Delinquency and the failure of the current educational systems can be blamed heavily for removing religious and moral instruction from schools. But part of this blame must fall to teachers who have never tried to break free of their structures. Don Bosco insisted upon the necessity of religion to battle the inclinations of fallen nature, without which, no one can hope to form students properly. And such consideration requires conversation if it is to be truly affective. Catholic teachers can foster a religious mindset by referring to the Faith whenever they can, allowing it to drift in and out of the stream of talk. All truth is really one, so it is not difficult to integrate religion in everything taught—if a teacher is willing to give it room to exist, and to follow instead of lead. Catholic educators will then teach not only the Faith but also reveal how the Faith can and does pervade and influence all thinking and all being.

Plan Less, Trust More
The art education is not a gnostic acquisition. It is obvious, dealing with basic human interaction and happiness. Teaching requires faith, together with an open heart, a good will, a love of subject, and facility in conversation. Teachers should appeal to their students’ senses, and then let their senses have their way. They should challenge them to approach the material as people, not as programs following a closed system. They should remind them not to worry about arriving at a definite conclusion. They should invite students to enjoy the material with them, talking about what they think, like, and do not like. And they should never hesitate to cultivate intellectual darkness, otherwise known as wonder. They should allow subjects to mingle, using blackboards instead of screens. Above all, their plan should be to have no plan—only trust. Only faith can bring about the culmination of education: the perfection of each person at the hands of another person.
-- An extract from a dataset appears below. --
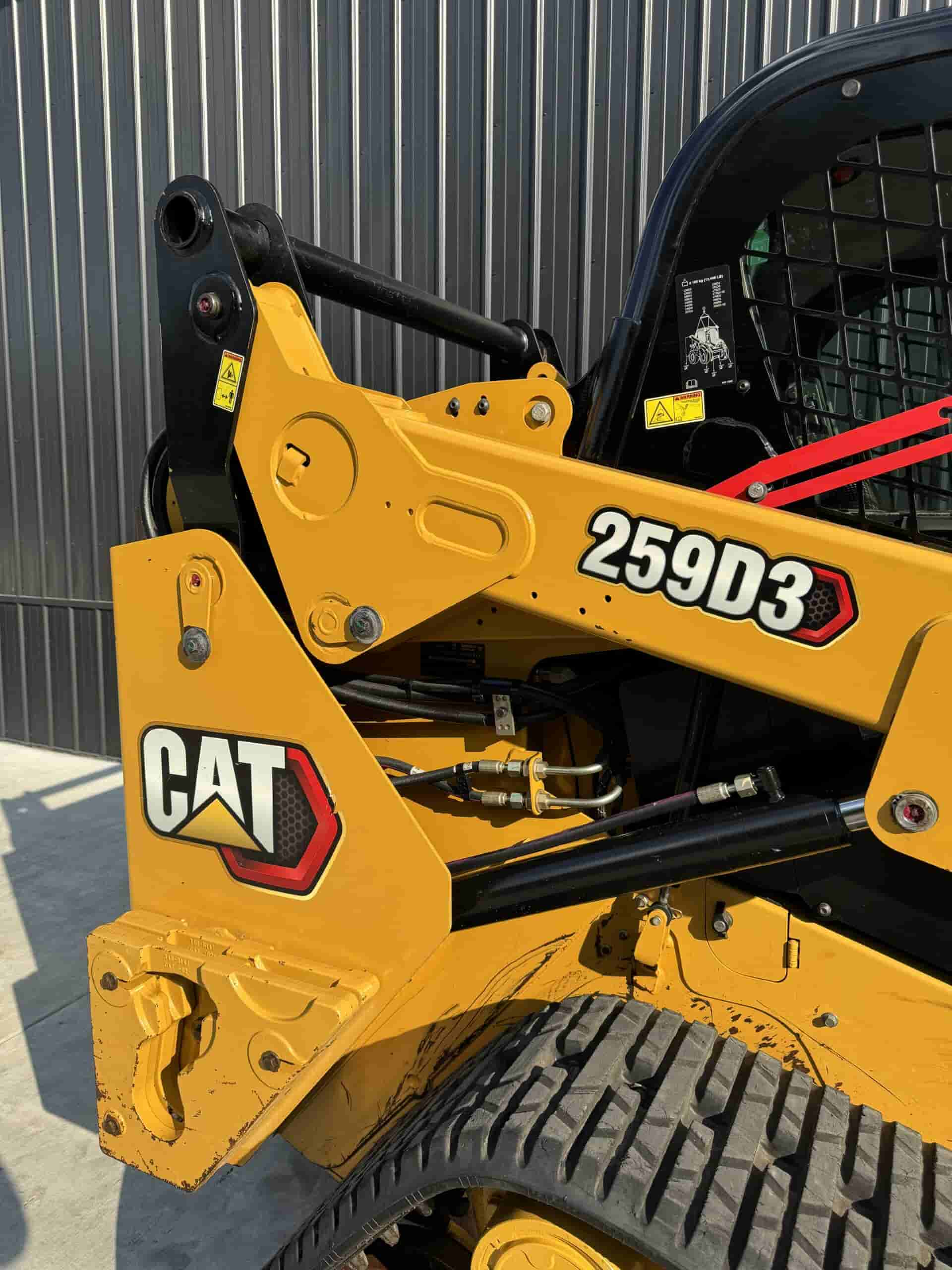 2021 CAT 259D3
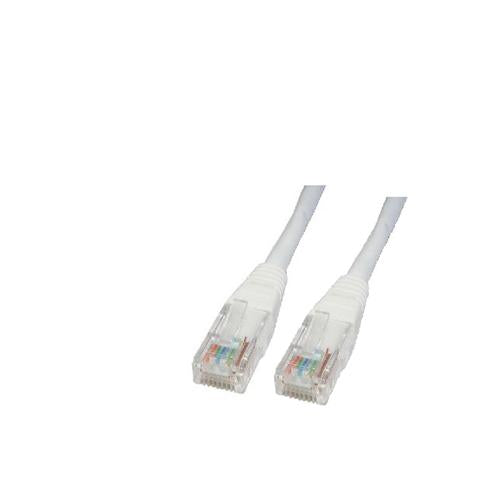 Cat 5e UTP 26 AWG Ethernet Network Cable White 1.5 Metres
Schools will not be restored until teachers first learn that what they should teach is primarily themselves—they should teach their own personal observations, thoughts, and queries in the context of a particular subject they are passionate about. Teachers can only give what they possess, and no power-point presentation can come close to the power of a person willing to share his loves and his life.

The term for enjoyment in Latin is fruor, which provides the root for fruition, or fruitfulness: a kind of perfection. Today, enjoyment in education is replaced by career-mentality, where measurable practices and processes are preferred to ends for their own sake. Perfection is what teachers should strive to enjoy with their students, and approaching the subject honestly and earnestly is the only way to do this. No guide should (or could, for that matter) tell anyone how to feel or think when beholding a thing of beauty. Perfection is to be enjoyed, to be received as it is. The art of education involves pointing out the mystery of perfection in things, identifying them as such, and enjoying them with students. Only with such artists, such teachers, will students go back to schooling when they go back to school, and advance towards perfection through the art of education.

Editor’s note: The image above titled “A Reading from Homer” was painted by Sir Lawrence Alma-Tadema in 1885.